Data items

——————————

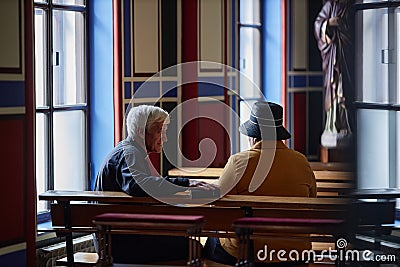 Priest talking to visitor during ministration Stock Photo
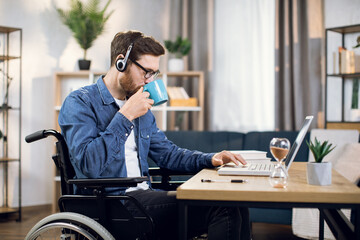 Side view of young man with special need using wireless laptop for remote work at home. Bearded guy sitting in wheelchair, drinking coffee and typing on computer.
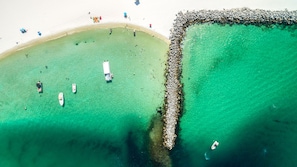An aerial view of a beach with clear turquoise waters, a rocky breakwater, and several boats. - Gorgeous Inside and Views in East Pass Towers 602 (Destin)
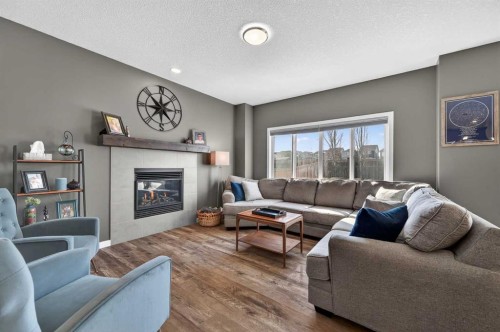 242 Mahogany Passage Se, Calgary, AB - Indoor Photo Showing Living Room With Fireplace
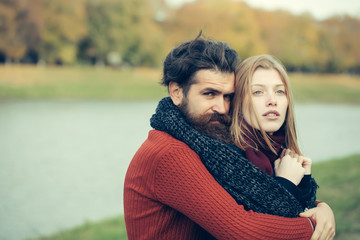 Fototapeta premium Young couple in autumn park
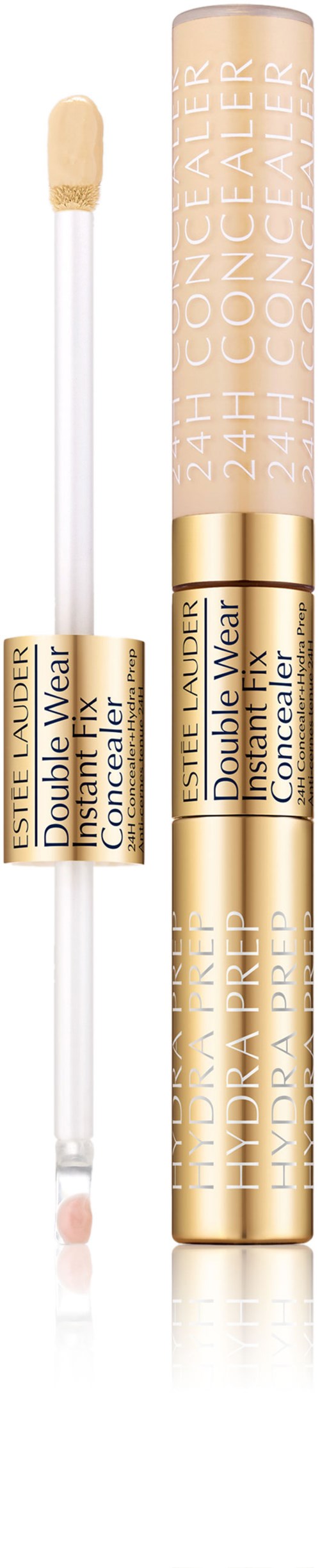 En beige pen med gulddetaljer och text. Den verkar vara ett concealer- eller makeupprodukt, med applicatorspets.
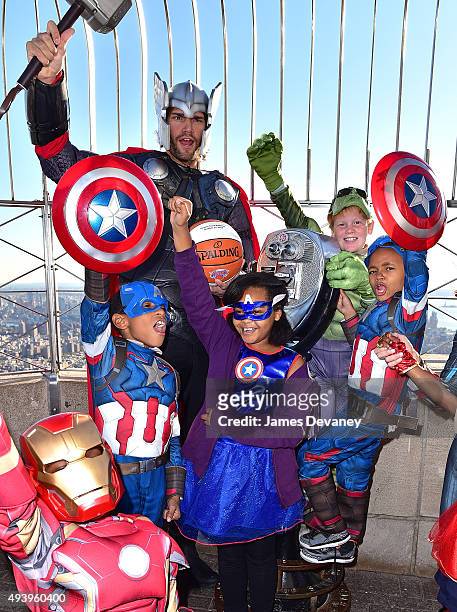 Robin Lopez and children from the Garden of Dreams Foundation visit the Empire State Building on October 23, 2015 in New York City.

——————————

Assigned task → Find the line containing "An aerial view" in the records above and restate it, and each line after it through the end, word for word, dropping the pictures.

Task answer →
An aerial view of a beach with clear turquoise waters, a rocky breakwater, and several boats. - Gorgeous Inside and Views in East Pass Towers 602 (Destin)
 242 Mahogany Passage Se, Calgary, AB - Indoor Photo Showing Living Room With Fireplace
 Fototapeta premium Young couple in autumn park
 En beige pen med gulddetaljer och text. Den verkar vara ett concealer- eller makeupprodukt, med applicatorspets.
 Robin Lopez and children from the Garden of Dreams Foundation visit the Empire State Building on October 23, 2015 in New York City.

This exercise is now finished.